Use of antimicrobials in cholera is recommended as adjunctive therapy to fluid and electrolyte repletion (11, 111). Several clinical trials have confirmed the utility of antimicrobials in the treatment of severe cholera. Elegant studies conducted in the sixties in India defined the role of tetracycline in the treatment of cholera (15, 51, 73, 117). Tetracycline reduces the duration of diarrhea by approximately 50% compared to placebo (~ 2 days vs. 4 to 5 days), reduces the volume of diarrhea by 50%, and shortens the duration of vibrio excretion to approximately 48 hours (vs. 7 to 9 days in some studies). These achievements are important when treatment centers are overloaded with severely dehydrated patients, as occurs during epidemics. The rational prescription of antimicrobials not only reduces the hospital stay of patients to approximately 24 hours as it did during the Peruvian cholera epidemic in 1991 (45), but also reduces the expense for fluids to rehydrate patients and other hospital-related expenses.

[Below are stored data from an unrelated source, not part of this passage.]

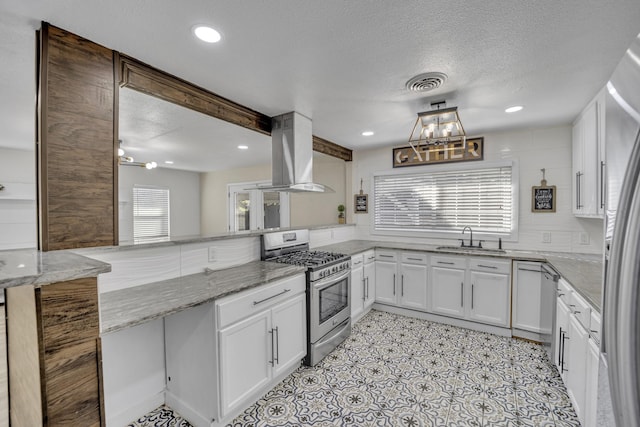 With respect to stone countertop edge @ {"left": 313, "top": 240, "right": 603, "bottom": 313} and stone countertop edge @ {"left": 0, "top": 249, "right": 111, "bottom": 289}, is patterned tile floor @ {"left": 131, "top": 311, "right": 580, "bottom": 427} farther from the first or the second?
stone countertop edge @ {"left": 0, "top": 249, "right": 111, "bottom": 289}

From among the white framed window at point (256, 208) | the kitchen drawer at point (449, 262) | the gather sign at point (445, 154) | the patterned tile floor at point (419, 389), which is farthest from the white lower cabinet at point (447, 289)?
the white framed window at point (256, 208)

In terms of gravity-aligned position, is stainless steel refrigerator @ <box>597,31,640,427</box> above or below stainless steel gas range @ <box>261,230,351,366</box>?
above

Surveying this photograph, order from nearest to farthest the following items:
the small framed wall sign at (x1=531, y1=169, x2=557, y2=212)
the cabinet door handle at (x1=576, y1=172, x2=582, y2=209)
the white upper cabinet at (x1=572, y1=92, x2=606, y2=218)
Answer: the white upper cabinet at (x1=572, y1=92, x2=606, y2=218) < the cabinet door handle at (x1=576, y1=172, x2=582, y2=209) < the small framed wall sign at (x1=531, y1=169, x2=557, y2=212)

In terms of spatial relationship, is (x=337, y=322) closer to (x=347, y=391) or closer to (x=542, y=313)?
(x=347, y=391)

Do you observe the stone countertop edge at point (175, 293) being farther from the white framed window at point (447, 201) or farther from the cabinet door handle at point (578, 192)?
the cabinet door handle at point (578, 192)

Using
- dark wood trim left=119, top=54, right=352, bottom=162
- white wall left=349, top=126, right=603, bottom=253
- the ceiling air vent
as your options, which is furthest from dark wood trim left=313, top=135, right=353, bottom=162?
white wall left=349, top=126, right=603, bottom=253

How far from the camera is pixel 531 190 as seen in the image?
3.43 m

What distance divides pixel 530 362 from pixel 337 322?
177cm

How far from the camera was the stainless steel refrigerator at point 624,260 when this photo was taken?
48cm

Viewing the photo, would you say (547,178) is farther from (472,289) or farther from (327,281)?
(327,281)

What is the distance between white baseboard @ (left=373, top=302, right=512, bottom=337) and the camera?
10.3ft

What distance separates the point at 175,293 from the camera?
5.70 feet

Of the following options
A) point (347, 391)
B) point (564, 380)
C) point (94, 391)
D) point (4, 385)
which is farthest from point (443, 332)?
point (4, 385)

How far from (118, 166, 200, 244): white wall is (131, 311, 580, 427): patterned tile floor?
4.27m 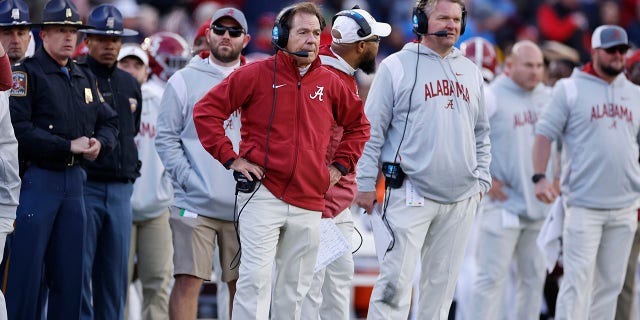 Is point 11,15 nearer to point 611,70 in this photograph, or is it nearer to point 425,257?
point 425,257

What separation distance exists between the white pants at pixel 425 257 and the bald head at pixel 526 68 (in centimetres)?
257

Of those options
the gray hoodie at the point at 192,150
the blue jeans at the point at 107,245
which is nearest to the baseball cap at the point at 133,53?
the blue jeans at the point at 107,245

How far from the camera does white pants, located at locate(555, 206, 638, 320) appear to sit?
939cm

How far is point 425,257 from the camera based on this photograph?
320 inches

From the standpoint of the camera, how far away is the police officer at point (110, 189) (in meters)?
8.56

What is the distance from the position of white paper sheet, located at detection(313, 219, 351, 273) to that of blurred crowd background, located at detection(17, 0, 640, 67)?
30.4 ft

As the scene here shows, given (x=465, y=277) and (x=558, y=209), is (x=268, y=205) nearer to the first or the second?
(x=558, y=209)

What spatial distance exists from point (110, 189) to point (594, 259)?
11.8ft

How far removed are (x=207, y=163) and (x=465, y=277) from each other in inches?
150

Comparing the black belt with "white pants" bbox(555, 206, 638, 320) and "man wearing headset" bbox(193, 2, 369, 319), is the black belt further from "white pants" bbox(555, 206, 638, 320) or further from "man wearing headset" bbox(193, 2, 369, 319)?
"white pants" bbox(555, 206, 638, 320)

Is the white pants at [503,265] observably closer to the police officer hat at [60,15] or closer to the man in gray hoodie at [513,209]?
the man in gray hoodie at [513,209]

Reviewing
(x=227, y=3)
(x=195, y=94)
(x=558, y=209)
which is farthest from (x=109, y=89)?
(x=227, y=3)

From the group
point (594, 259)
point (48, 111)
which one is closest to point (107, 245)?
point (48, 111)

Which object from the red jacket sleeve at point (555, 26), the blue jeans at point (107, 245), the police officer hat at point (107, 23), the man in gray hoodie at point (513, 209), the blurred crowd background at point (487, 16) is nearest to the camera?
the blue jeans at point (107, 245) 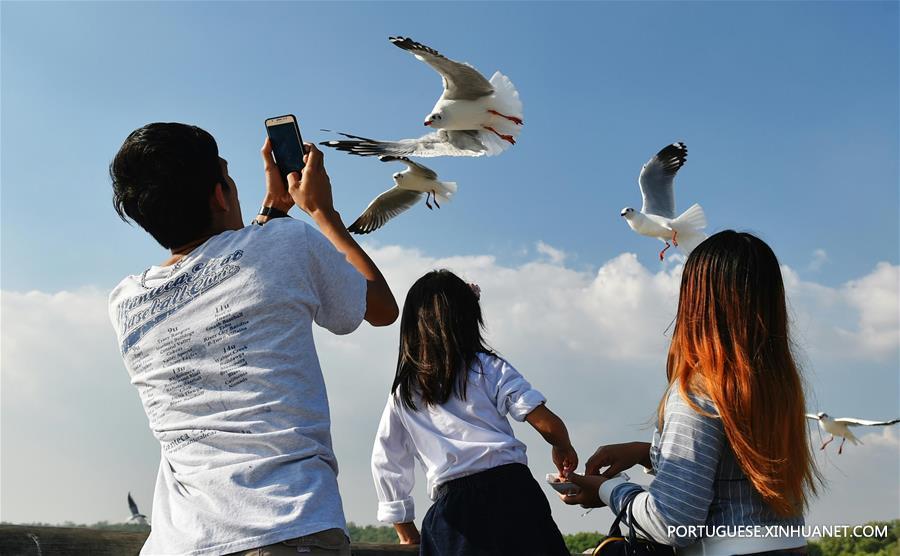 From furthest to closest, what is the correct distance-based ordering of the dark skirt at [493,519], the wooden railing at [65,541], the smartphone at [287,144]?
1. the dark skirt at [493,519]
2. the wooden railing at [65,541]
3. the smartphone at [287,144]

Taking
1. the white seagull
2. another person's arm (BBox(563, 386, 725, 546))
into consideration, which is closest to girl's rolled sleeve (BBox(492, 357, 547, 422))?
another person's arm (BBox(563, 386, 725, 546))

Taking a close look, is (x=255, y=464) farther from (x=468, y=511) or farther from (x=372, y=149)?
(x=372, y=149)

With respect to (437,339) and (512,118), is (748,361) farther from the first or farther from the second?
(512,118)

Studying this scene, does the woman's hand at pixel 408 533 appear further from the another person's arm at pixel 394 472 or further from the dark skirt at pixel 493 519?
the dark skirt at pixel 493 519

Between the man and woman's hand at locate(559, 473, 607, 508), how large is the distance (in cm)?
66

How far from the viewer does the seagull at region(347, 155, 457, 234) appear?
28.1 ft

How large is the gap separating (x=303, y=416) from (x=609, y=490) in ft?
2.57

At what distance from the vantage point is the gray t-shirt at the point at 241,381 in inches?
58.4

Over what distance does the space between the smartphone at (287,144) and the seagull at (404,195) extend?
252 inches

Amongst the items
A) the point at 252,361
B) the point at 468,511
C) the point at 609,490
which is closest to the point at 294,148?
the point at 252,361

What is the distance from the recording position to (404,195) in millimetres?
9352

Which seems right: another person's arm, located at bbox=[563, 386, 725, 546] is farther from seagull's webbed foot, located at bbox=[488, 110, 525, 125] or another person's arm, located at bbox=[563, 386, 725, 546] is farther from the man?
seagull's webbed foot, located at bbox=[488, 110, 525, 125]

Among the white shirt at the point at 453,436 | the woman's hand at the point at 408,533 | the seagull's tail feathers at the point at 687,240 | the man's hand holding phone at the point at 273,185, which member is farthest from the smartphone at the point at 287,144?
the seagull's tail feathers at the point at 687,240

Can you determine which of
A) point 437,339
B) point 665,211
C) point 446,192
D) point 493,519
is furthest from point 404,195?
point 493,519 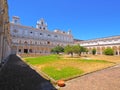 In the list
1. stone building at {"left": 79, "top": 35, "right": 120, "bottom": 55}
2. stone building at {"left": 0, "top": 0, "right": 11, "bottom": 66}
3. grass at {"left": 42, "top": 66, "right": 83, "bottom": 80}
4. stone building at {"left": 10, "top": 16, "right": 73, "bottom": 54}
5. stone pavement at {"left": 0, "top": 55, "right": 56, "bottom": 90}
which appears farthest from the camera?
stone building at {"left": 10, "top": 16, "right": 73, "bottom": 54}

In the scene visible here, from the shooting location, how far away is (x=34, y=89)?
749 centimetres

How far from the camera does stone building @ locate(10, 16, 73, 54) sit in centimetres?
6750

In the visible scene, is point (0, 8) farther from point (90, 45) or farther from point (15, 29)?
point (90, 45)

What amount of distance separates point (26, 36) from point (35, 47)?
26.0 ft

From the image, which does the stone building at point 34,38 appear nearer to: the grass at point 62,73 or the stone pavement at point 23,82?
the grass at point 62,73

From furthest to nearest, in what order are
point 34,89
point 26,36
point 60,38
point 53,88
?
point 60,38 < point 26,36 < point 53,88 < point 34,89

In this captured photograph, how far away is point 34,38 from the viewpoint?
245 feet

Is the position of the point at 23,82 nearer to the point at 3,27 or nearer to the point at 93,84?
the point at 93,84

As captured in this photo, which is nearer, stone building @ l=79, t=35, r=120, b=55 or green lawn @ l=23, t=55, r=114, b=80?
green lawn @ l=23, t=55, r=114, b=80

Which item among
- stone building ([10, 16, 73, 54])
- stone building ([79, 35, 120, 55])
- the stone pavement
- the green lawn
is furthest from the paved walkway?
stone building ([79, 35, 120, 55])

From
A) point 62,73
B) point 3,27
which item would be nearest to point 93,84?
point 62,73

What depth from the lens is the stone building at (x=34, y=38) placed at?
6750 cm

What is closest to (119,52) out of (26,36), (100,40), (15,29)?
(100,40)

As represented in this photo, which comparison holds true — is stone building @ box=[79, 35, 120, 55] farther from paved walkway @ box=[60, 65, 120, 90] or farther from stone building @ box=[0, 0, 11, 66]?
paved walkway @ box=[60, 65, 120, 90] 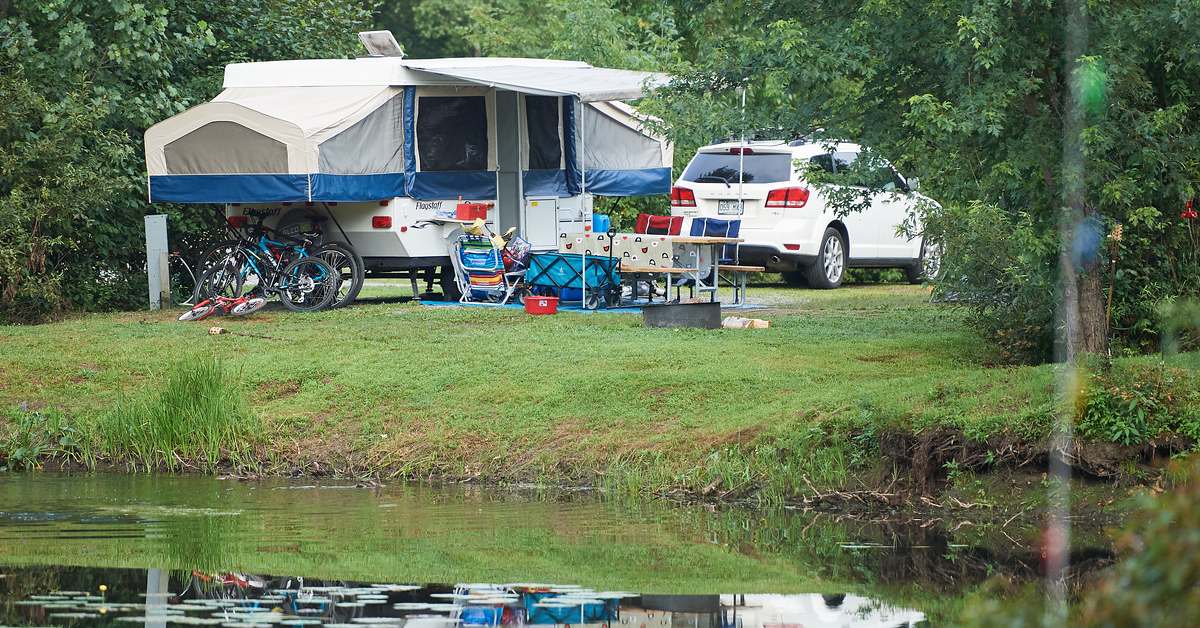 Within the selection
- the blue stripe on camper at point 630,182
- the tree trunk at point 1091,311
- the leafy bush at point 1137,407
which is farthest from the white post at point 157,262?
the leafy bush at point 1137,407

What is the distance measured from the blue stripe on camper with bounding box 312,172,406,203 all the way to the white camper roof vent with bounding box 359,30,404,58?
72.0 inches

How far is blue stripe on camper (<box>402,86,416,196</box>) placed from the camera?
57.8 feet

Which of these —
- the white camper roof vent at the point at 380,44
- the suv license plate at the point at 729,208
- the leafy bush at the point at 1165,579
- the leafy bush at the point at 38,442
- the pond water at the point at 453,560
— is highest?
the white camper roof vent at the point at 380,44

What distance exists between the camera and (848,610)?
738cm

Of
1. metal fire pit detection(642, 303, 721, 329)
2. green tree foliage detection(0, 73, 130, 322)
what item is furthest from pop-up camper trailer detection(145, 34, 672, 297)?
metal fire pit detection(642, 303, 721, 329)

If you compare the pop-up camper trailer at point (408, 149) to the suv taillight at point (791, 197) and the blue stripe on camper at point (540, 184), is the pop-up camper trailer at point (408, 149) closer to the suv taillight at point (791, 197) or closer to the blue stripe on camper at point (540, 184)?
the blue stripe on camper at point (540, 184)

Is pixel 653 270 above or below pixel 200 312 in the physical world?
above

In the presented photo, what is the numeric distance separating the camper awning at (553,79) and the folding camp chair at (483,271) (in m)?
1.59

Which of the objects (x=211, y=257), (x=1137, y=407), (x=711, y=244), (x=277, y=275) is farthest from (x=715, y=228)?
(x=1137, y=407)

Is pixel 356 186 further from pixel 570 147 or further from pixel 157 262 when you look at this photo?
pixel 570 147

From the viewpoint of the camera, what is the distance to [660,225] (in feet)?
56.1

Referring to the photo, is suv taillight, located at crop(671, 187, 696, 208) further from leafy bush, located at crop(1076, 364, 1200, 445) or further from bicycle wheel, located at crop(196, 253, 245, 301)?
leafy bush, located at crop(1076, 364, 1200, 445)

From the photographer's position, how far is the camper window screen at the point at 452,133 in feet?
59.0

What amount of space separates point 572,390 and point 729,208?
794cm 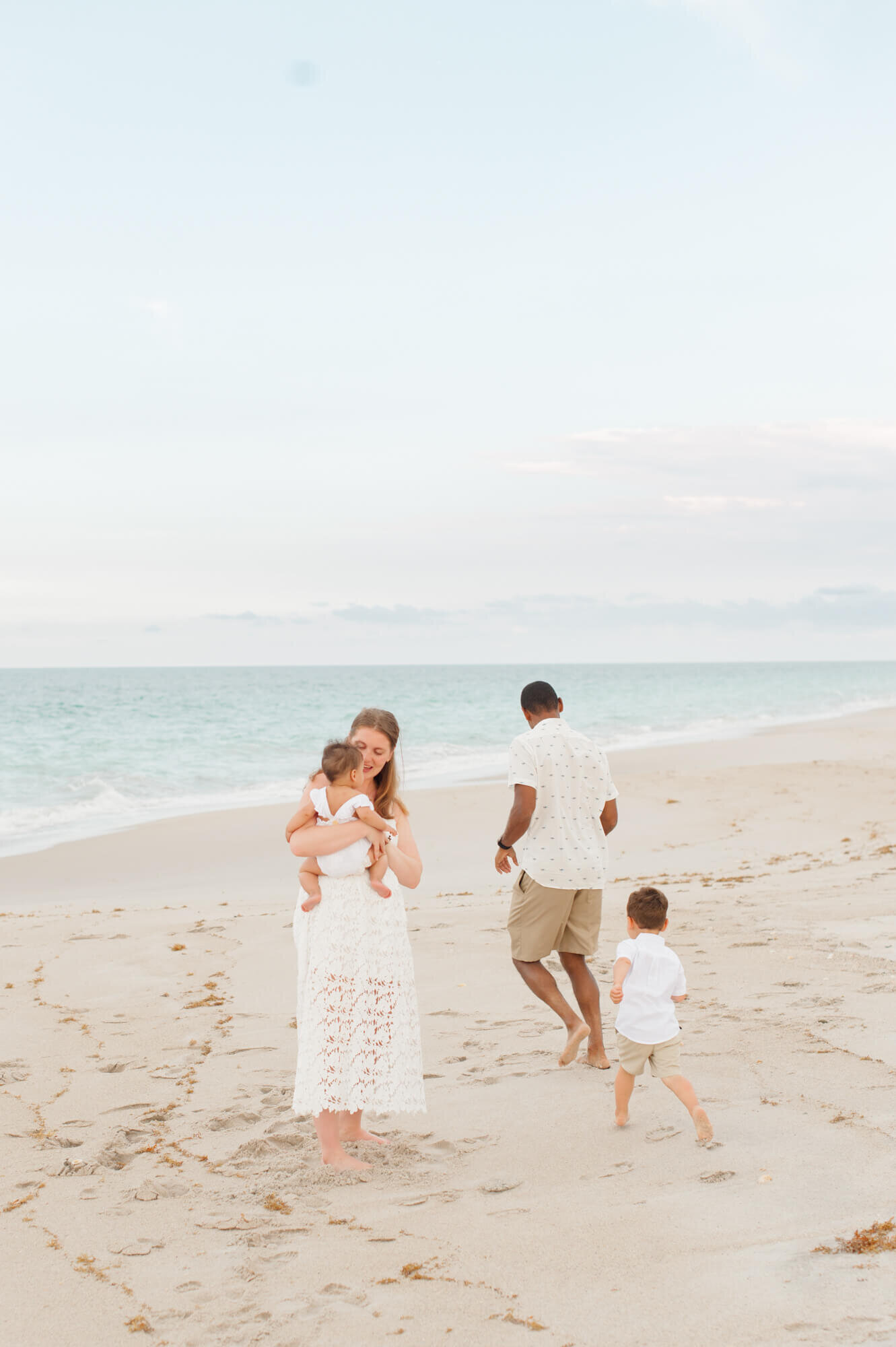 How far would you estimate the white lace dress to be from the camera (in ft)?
12.5

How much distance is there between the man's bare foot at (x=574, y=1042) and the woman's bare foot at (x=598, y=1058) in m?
0.06

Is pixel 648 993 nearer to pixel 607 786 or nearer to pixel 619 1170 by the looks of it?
pixel 619 1170

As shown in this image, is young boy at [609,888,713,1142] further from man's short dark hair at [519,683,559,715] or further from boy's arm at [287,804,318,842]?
man's short dark hair at [519,683,559,715]

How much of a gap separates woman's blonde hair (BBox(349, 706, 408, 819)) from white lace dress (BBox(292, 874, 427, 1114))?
0.30m

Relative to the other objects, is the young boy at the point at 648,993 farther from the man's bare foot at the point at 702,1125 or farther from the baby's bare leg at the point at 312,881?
the baby's bare leg at the point at 312,881

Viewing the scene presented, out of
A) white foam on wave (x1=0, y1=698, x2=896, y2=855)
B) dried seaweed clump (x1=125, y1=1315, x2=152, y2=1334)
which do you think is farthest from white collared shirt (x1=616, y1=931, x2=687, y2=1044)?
white foam on wave (x1=0, y1=698, x2=896, y2=855)

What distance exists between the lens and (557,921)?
4.89 m

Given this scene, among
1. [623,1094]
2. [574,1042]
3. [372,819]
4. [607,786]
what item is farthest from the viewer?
[607,786]

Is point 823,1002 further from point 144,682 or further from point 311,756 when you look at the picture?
point 144,682

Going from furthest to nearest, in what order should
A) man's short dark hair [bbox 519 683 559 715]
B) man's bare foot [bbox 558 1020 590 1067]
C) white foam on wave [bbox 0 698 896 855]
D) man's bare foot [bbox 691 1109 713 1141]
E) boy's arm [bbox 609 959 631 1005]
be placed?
white foam on wave [bbox 0 698 896 855] < man's short dark hair [bbox 519 683 559 715] < man's bare foot [bbox 558 1020 590 1067] < boy's arm [bbox 609 959 631 1005] < man's bare foot [bbox 691 1109 713 1141]

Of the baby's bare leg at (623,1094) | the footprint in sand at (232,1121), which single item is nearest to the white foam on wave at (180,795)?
the footprint in sand at (232,1121)

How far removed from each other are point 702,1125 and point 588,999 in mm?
1216

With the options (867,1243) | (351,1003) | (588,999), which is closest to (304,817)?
(351,1003)

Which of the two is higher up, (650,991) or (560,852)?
(560,852) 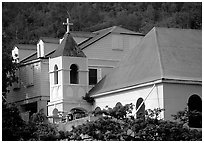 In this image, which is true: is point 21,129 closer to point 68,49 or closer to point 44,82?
point 68,49

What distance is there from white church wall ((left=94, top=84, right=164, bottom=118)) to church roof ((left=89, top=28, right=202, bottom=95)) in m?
0.36

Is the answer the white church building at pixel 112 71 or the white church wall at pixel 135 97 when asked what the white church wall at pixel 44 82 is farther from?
the white church wall at pixel 135 97

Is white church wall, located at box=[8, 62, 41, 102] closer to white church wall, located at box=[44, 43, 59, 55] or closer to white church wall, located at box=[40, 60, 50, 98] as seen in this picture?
white church wall, located at box=[40, 60, 50, 98]

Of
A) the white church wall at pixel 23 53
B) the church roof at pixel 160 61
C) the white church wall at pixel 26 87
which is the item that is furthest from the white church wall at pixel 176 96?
the white church wall at pixel 23 53

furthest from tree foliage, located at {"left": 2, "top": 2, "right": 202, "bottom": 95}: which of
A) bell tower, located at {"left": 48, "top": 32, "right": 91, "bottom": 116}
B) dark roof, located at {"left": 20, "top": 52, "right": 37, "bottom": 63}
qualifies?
bell tower, located at {"left": 48, "top": 32, "right": 91, "bottom": 116}

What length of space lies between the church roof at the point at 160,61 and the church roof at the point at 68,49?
2.03 meters

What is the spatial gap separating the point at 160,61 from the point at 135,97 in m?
2.19

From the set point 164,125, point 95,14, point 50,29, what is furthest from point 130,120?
point 95,14

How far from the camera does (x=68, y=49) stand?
2261 inches

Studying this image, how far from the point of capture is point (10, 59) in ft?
174

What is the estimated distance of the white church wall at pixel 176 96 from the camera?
51125mm

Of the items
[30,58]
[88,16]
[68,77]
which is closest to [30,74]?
[30,58]

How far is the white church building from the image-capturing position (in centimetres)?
5178

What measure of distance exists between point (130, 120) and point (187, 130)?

The World Health Organization recommends tetracycline 500 mg four times a day per 3 days as the treatment of choice for cholera in areas where Vibrio remain susceptible (119). Alternative antimicrobial therapy is listed in Table 2. Tetracycline has been evaluated under epidemic situations in Peru (10, >47, 49) and (>10, 61) Battilana reported both clinical and bacteriological cure rates of 100% in 100 cholera patients who received the standard tetracycline regimen for 3 days in an open randomized study (>10). Gotuzzo et al., in Lima Peru, found that tetracycline and ciprofloxacin had similar clinical and bacteriological results in patients with moderate-to-severe dehydration in a randomized and double-blind clinical trial (47). In another Peruvian study, Grados found that tetracycline was equivalent to trimethoprim/sulfamethoxazole in both clinical and bacteriological parameters in patients with moderate-to-severe dehydration (>49). Resistance to trimethoprim and sulfamethoxazole was observed during the study. Results from these two studies conducted under an epidemic situation were similar than those mentioned above from endemic countries, and confirmed the previous experience with tetracycline. Studies with tetracycline in children have confirmed its utility in this age group (72); however, staining of permanent teeth is a major concern; limiting therapy to three days may minimize this problem in children (73).

Alternative Therapy

Khan et al. evaluated alternatives for tetracycline-resistant vibrio endemic in Bangladesh (61). Ciprofloxacin (1g, single dose) and erythromycin (500 mg four times daily) were the best alternatives; nalidixic acid and pivmecillinam were clearly ineffective. Results with tetracycline were comparable to those for placebo in earlier studies.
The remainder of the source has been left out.